■ Task to complete ■
With the pictures omitted, print exactly the lines below, from the one containing "ducati - monster-821" through the one containing "Xiaomi Redmi Note 15 8/256gb Blue", and nothing else.

■ Data provided ■
■ ■ ■ ■

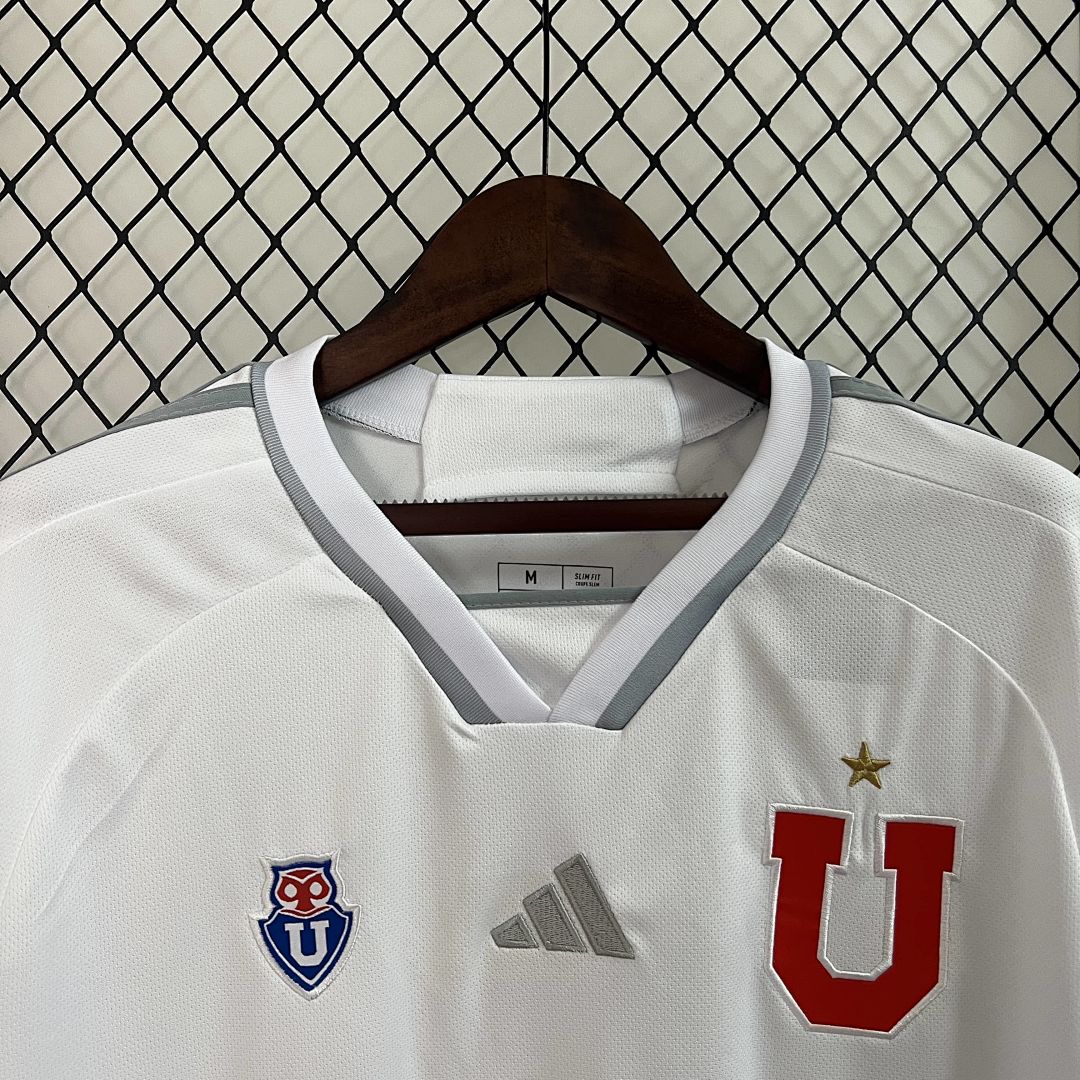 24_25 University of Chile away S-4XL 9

■ ■ ■ ■

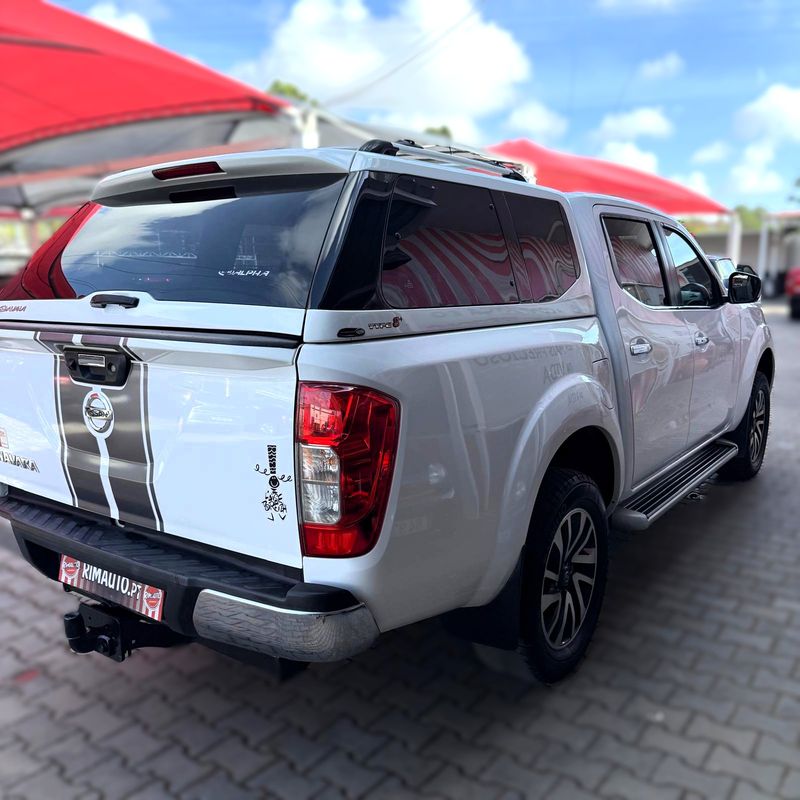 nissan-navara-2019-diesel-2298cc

■ ■ ■ ■

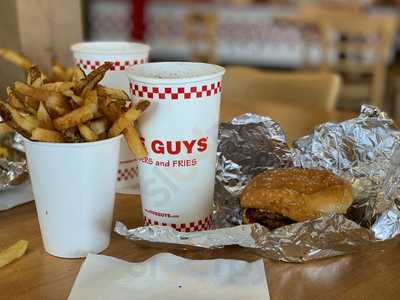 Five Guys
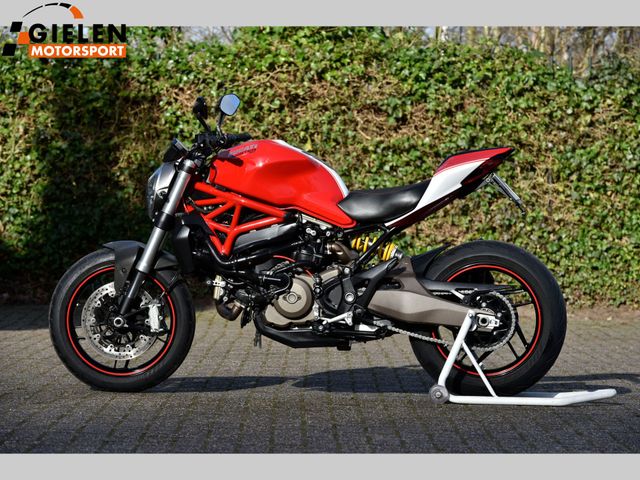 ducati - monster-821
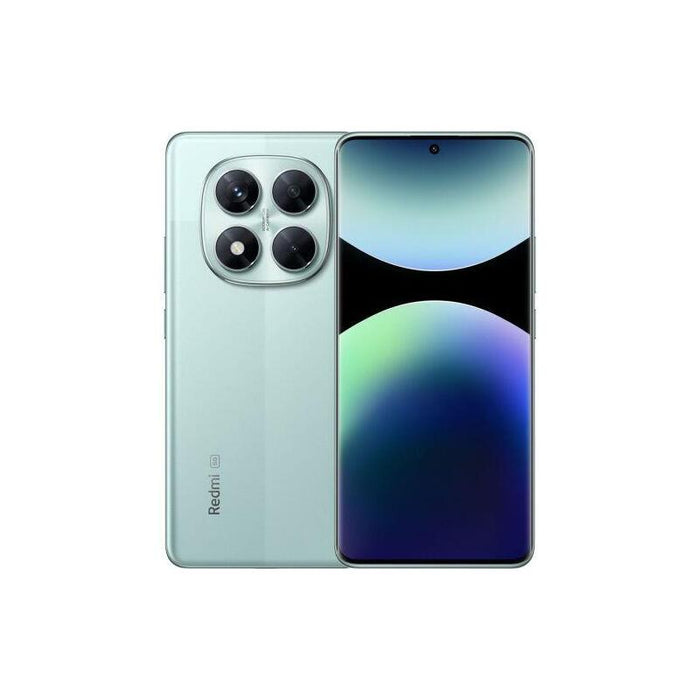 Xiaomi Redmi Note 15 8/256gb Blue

■ ■ ■ ■

■ Reply ■
 ducati - monster-821
 Xiaomi Redmi Note 15 8/256gb Blue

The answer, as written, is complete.